Removal of oxygen from CeO2 leads to formation of oxygen vacancies (empty cube) and reduced cations (grey balls with yellow patterns). These defect sites alter the phonon scattering, and thus, the thermal conductivity of the material, and can be manipulated reversibly in a controlled way.

The thermal properties of oxides are of interest for a number of important applications, including thermoelectrics, thermal barrier coatings, memristors, and fuel cells. MIT MRSEC researchers demonstrated, for the first time, the controllable impact of oxygen defects on the thermal conductivity of a reducible oxide. The thermal conductivity was modulated by varying the concentration of oxygen vacancies and reduced cations in oxide thin films treated under different annealing conditions.

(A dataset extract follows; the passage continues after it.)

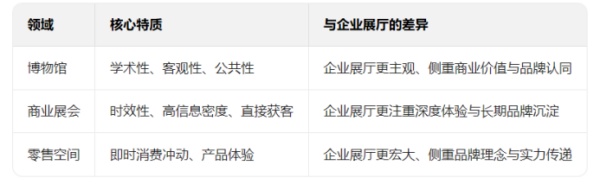 企业展厅策划如何搭建自己的相关知识体系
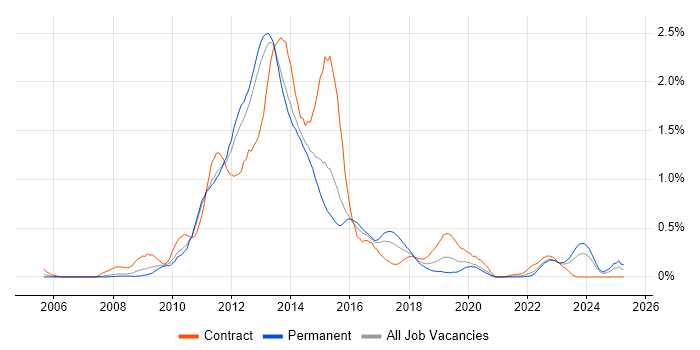 Job vacancy trend for Oracle Database 11g in Leeds Job vacancy trend for Oracle Database 11g in Leeds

Changes in the oxygen non-stoichiometry led to a 50% reduction in thermal conductivity (from k = 6.62±0.61 to 3.82±0.51 W/m-K). This work demonstrates the ability to reversibly vary the thermal conductivity of a given material by control of oxygen non-stoichiometry and thus points to the possibility for in situ control of phonon transport via control of the oxygen vacancy concentration.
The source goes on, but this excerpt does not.